Court of Appeals of Wisconsin
Dec 9, 1986
135 Wis. 2d 431 (Wis. Ct. App. 1986)

Summary

In Hillcrest, the plaintiffs, who were owners of a golf course, alleged that the city improperly designed a storm sewer in a neighboring subdivision.

Summary of this case from Forseth v. Village of Sussex

Opinion

No. 86-0138.

Orally Argued October 8, 1986. —

Decided December 9, 1986.

APPEAL from a judgment of the circuit court for Eau Claire county: WILLIAM D. O'BRIEN, Judge. Affirmed in part, reversed in part, and cause remanded for further proceedings.

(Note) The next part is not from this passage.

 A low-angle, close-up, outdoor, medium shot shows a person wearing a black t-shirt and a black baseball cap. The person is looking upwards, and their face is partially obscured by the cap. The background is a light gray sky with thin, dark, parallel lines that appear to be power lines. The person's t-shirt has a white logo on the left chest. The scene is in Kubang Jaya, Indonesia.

For the plaintiff-appellant, Hillcrest Golf Country Club, there were briefs and oral argument by Dennis M. Sullivan of Herrick, Hart, Duchemin, Danielson Guettinger, S.C. of Eau Claire.

For the defendant-respondent, Owen Ayres Associates, Inc., there was a brief and oral argument by Eric J. Wahl of Wahl and Wahl of Eau Claire.

For the defendants-respondents, City of Altoona and Wausau Insurance Companies, there was a brief submitted by David Topczewski and Holly Lutz of Law Offices of Straub Schuch of Wausau, and orally argued by: Holly Lutz.

Before Cane, P.J., LaRocque and Myse, JJ.




Hillcrest Golf Country Club appeals a judgment on the pleadings dismissing its complaint for failure to state a claim. Hillcrest argues that its complaint alleges facts sufficient to support causes of action under theories of inverse condemnation, nuisance, negligence, trespass, and violation of civil rights under 42 U.S.C.A. sec. 1983 (West Supp. 1986). Because we conclude that Hillcrest's complaint is sufficient to state a cause of action in inverse condemnation or private nuisance, we affirm in part and reverse in part the circuit court's judgment of dismissal. Accordingly, we remand for further proceedings.

Hillcrest alleges that Wayne and Anita Jensen, owners and developers of a subdivision called Knollwood Village, obtained approval from Altoona and the State of Wisconsin for development of the subdivision. Hillcrest further alleges that the Jensens contracted with Owen Ayres Associates, Inc., for design of the subdivision's storm sewers. According to the pleadings, Altoona approved the plans and installed them as designed. Where the arguments of Altoona, Ayres, and Altoona's insurer are essentially the same, we refer to these parties collectively as "Altoona." The Jensens did not submit a brief for this appeal.

Hillcrest alleges that the subdivision's streets and sewer system collected rain water that had previously evaporated or percolated harmlessly into the soil. The collected water was allegedly discharged through a culvert and then onto Hillcrest's land. Hillcrest claims that this water flow has "eroded substantial portions of the plaintiff's land, leaving huge gullies where said land previously existed, rendering said land area unfit for any use and rendering the remainder of the plaintiff's land unfit for use as a golf course."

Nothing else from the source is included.